The range consists of more than 10 acres of wooded, hilly terrain, with trails leading to marked targets of varying distances. Shooters compete in a variety of categories based on their bow type, such as freestyle, traditional or bowhunter. It’s an activity for all ages — one of the day’s youngest shooters was 4 years old, while the master seniors category featured archers age 70 and up.
Nelson Rapanot was one of the club’s founders more than 30 years ago and still continues to organize the annual shoots.
“I feel an obligation to carry on the tradition,” he said. “This is the only game in town.”
The tournament is a sanctioned shoot by the National Field Archery Association (NFAA) — one of about half a dozen sanctioned competitions around the state each year. The fact that it’s sanctioned means it attracts shooters from around the state and even the mainland to participate and use it to build their resume, said Rapanot. An accomplished resume means sponsorship for some shooters.

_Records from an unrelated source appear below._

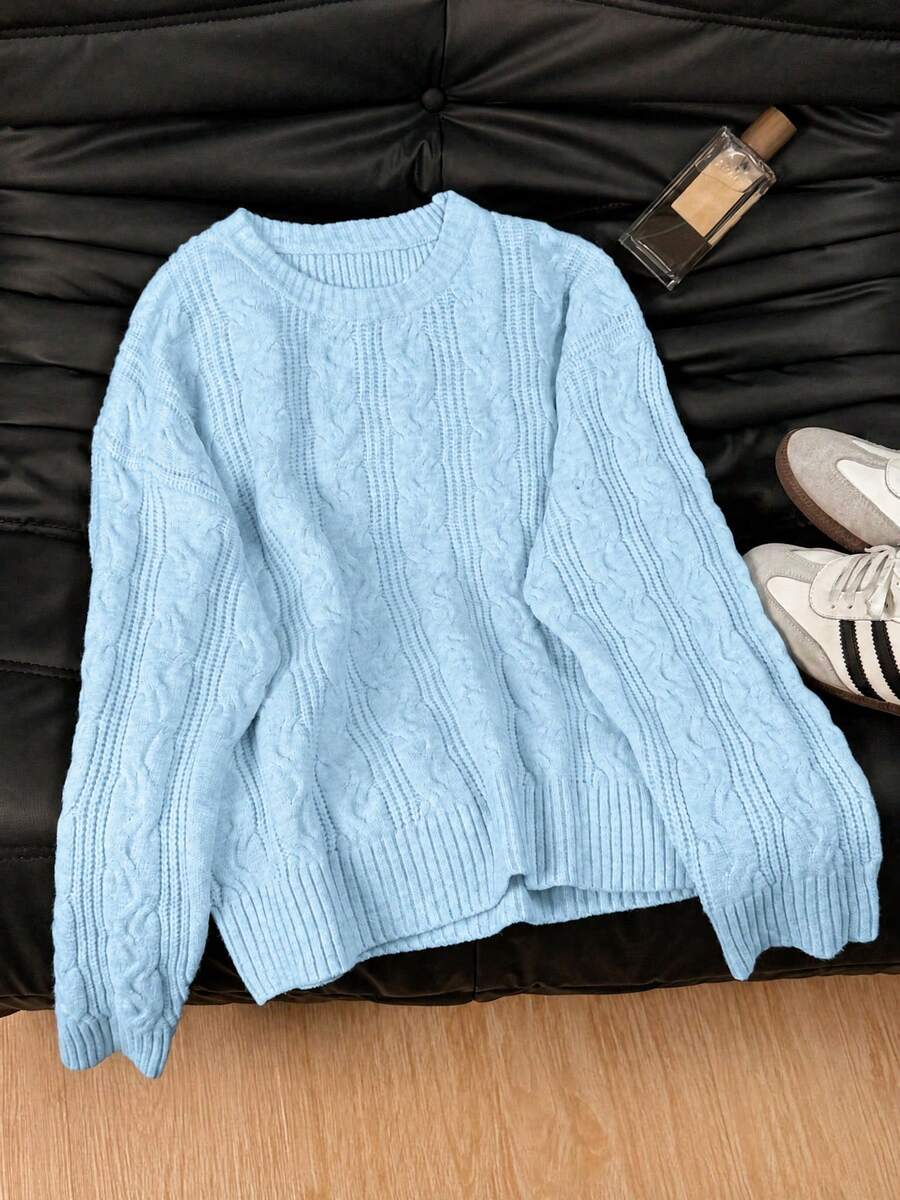 Solenne Oversized Chunky Cable Knit Sweater with Drop Shoulders - Baby Blue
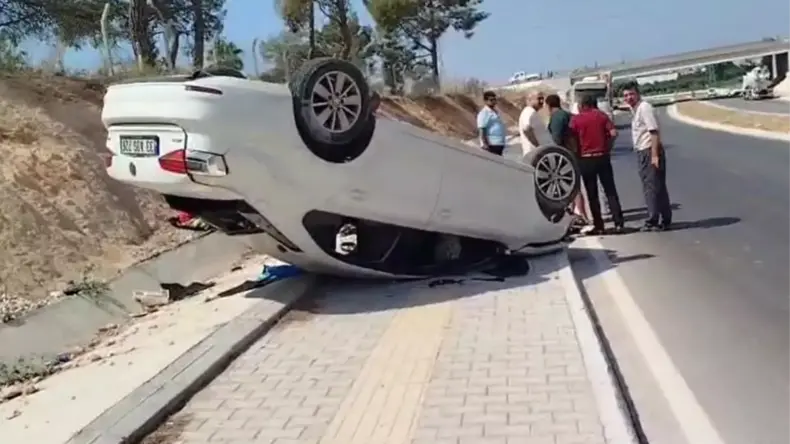 Mersin’de Ters Dönme Kazası: 4 Yaralı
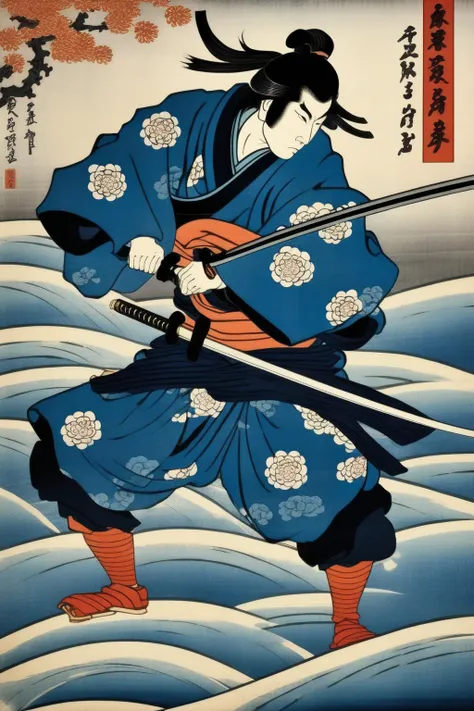 <lora:Ukiyo-e Art:1>Ukiyo-e Art - woodblock print ukiyo-e style of a Samurai practicing sword fighting blue colors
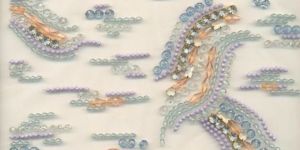 polyester beaded embroidery work fabric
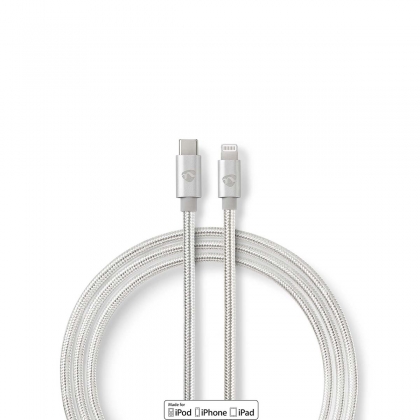 Lightning Kabel | USB 2.0 | Apple Lightning 8-Pins | USB-C™ Male | 480 Mbps | Verguld | 2.00 m | Rond | Gevlochten / Nylon | Aluminium | Cover Window Box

A sanctioned event also means a lot of rules, and after the morning pule and before the horn sounded the start of the shoot, organizers reviewed a laundry list of rules and scorekeeping guidelines competitors had to follow.
One of the Molokai tournament’s highest profile shooters last Saturday was 19-year-old Alexis Ruiz of Arizona. She’s the Junior World Champion and U.S. women’s national record holder in compound archery.

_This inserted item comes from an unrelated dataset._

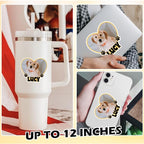 Custom Pet Photo Heart Sticker Personalized Pet Name Decal Cute Pawprint Design - Image 3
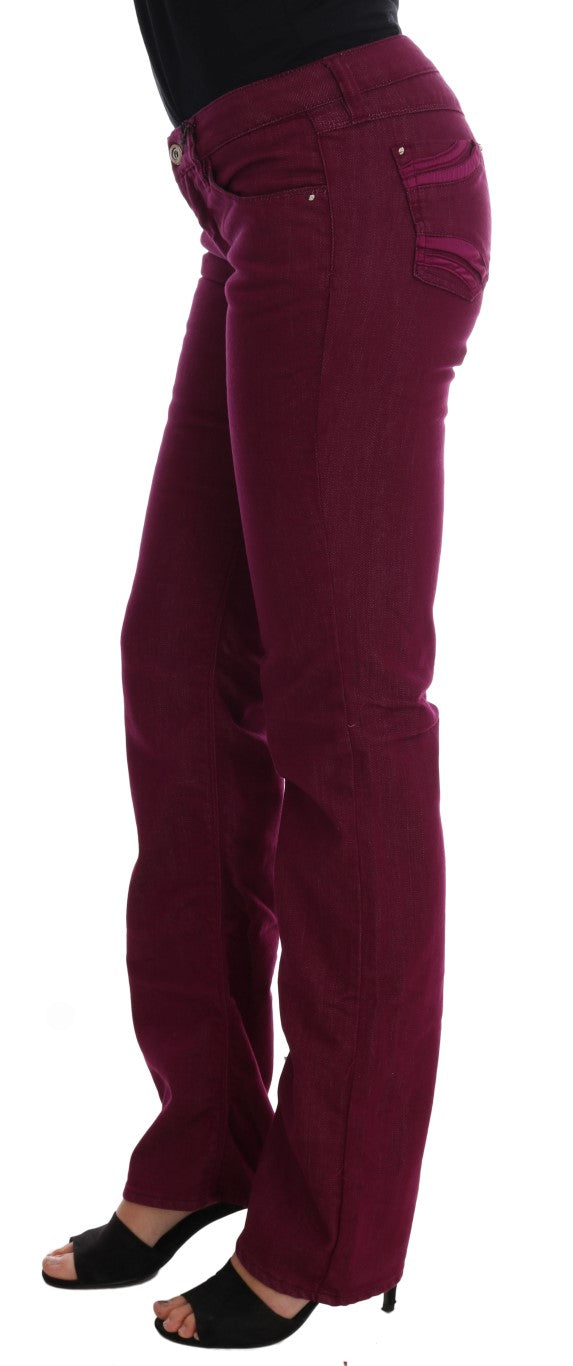 Costume National Red Wash Cotton Stretch Denim Women's Jeans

“I don’t do this type of shooting [normally],” she said, adding she shoots on a field or indoor range for practice and competition. “This is fun. I like the hills and trees.”
Rapanot said she’s not alone in liking Molokai’s range.
“They look forward to our shoot every year,” he said of the off-island shooters. “I think we have the most unique range [in terms of size and terrain.]”
NFAA State Director George Kong said another thing that attracts so many archers to Molokai are “the good people over here.” He said shooters pay their own way to visit the island and participate in the event each year.
There’s a lot of prep work involved in hosting the tournament, from maintaining the acreage and target bails to organizing the all important meal after the event, according to Rapanot. They have the same menu each year and it’s something off-island participants look forward to, he said: kole, deer meat and dear meat chili.
Of the 50 to 60 shooters who participate in the annual event, only a handful are from Molokai.
At one time, Rapanot said the Molokai Bowhunters Archery Club had more than 40 members. Now, there’re only about 15 active. New members are always welcome, he said.
One new member, Brianna Dudoit, is hooked on the sport.
“Becoming a bowhunter, I really fell in love with it,” said Dudoit, whose husband, Kenny, is the club’s president. “My husband got a new bow and I tried it out and Nelson took us under his wing…. This is my first actual tournament entering so I’m excited. It’s kind of a big thing for our bow club.”
Though people may think the archery club is only open to top shots, Rapanot said that’s not the case.
“It’s family oriented,” he explained. “Everyone is welcome, it’s not for elite shooters. It’s about family, camaraderie and fun…. Kids nowadays are always on the iPad all day. This teaches them to get outside, to be disciplined.”